Investors Should Be Leery of Recent Mortgage REIT Entrants

|
 |  Includes: AGNC, ANH, CIM, CMO, HTS, MFA, NLY
by: Parsimony Investment Research

Asset management firms are rushing to form new mortgage real estate investment trusts (REITs) that would help provide home loans if government-sponsored enterprises (GSEs) Fannie Mae and Freddie Mac curtail financing. These GSEs, own or guarantee more than half of all U.S. home loans.

According to the CBO, since the financial crisis, approximately 90% of all new residential mortgage originations in the U.S. are originated or guaranteed by the U.S. government. The proverbial gold rush is creating a rash of mortgage REITs issuance, forcing new comers to make concessions to attract capital from investors.

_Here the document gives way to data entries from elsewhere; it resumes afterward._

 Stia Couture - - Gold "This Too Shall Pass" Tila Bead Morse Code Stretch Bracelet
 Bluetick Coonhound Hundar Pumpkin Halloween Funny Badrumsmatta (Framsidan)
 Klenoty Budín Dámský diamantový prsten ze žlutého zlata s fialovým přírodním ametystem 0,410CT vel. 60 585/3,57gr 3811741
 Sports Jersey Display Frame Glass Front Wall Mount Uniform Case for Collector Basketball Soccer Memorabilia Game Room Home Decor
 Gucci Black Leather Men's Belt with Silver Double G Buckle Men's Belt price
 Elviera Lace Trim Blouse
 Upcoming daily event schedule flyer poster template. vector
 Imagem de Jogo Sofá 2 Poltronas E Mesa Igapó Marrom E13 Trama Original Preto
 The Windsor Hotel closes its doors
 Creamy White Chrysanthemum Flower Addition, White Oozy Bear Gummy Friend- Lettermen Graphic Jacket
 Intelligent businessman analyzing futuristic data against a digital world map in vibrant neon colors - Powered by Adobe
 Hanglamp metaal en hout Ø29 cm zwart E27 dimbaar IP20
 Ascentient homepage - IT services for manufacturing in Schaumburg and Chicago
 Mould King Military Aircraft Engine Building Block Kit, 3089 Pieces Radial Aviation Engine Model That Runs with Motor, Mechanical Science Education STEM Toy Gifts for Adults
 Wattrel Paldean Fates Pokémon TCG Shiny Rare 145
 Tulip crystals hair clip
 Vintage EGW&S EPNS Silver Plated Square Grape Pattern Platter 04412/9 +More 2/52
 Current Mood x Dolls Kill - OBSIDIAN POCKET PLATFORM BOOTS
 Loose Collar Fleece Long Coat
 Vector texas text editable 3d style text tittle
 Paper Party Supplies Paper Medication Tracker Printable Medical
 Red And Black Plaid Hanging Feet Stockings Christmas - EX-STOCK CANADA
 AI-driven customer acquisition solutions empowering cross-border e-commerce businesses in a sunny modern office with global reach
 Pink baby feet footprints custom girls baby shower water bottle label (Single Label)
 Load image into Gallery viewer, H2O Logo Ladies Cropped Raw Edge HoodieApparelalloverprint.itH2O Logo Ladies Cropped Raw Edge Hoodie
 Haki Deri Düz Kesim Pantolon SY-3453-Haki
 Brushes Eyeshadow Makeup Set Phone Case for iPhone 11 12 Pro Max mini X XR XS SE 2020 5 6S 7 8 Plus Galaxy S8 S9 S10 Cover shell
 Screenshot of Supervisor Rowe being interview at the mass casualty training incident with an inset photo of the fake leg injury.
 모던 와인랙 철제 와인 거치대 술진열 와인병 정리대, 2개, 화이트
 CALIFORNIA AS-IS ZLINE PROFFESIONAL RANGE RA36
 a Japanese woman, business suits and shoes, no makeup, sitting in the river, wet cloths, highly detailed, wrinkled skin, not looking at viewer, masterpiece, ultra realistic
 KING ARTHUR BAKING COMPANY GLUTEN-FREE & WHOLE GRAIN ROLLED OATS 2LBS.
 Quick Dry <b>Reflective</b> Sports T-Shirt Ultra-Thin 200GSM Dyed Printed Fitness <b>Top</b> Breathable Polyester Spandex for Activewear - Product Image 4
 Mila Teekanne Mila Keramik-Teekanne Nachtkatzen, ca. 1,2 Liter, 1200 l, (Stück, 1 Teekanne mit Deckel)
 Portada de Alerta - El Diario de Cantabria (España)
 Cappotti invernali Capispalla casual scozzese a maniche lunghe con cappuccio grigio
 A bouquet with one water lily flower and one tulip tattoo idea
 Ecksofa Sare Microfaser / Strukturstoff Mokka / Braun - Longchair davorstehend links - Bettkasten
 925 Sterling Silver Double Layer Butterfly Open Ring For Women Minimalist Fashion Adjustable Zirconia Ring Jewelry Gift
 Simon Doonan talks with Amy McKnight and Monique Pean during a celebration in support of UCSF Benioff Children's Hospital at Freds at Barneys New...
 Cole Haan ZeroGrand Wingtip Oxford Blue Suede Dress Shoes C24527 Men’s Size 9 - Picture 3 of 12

Mortgage REITs have raised approximately $6.5 billion of capital between December 2010 and March 2011.

New Entrants

The fundraising environment for new entrants is becoming more difficult. New entrants into the mortgage REIT market, including PIMCO and Angelo, Gordon & Co., are having a difficult time raising new funds. PIMCO made concessions regarding the management fee it charges investors while Angelo, Gordon & Co. recently cut back the offering size of its recent IPO. We think investors are correct to be leery and seek greater concessions from new entrants.

The mortgage REIT landscape is riddled with failed entities that could not operate a levered balance sheet during changing interest rate and credit environments. Notable blow-ups include: New Century Financial Corporation and Thornburg Mortgage.

Stick with the Veterans

Individual investors interested in mortgage REITs should stick with managers that have significant experience operating highly levered balance sheets in different interest rate and prepayment cycles. The table below (click to enlarge) highlights the seven largest mortgage REITs (including year of incorporation).

Click to enlarge

Our largest holdings include Annaly Capital Management (NYSE:NLY) and MFA Financial (NYSE:MFA). Both of which have over a decade of experience managing their balance sheets. Note: NLY is agency-focused and MFA is non-agency focused.

Despite being cautious on the current price of NLY (see recent article), we believe investors should stay the course with longstanding mortgage REIT players with great track records.

It should be noted, however, that a long tenure doesn't necessarily translate into a great track record (as highlighted in our recent article on Anworth Mortgage Asset Corp. (NYSE:ANH)). So investors should definitely do their homework on the management teams.

Disclosure: I am long AGNC, NLY, MFA.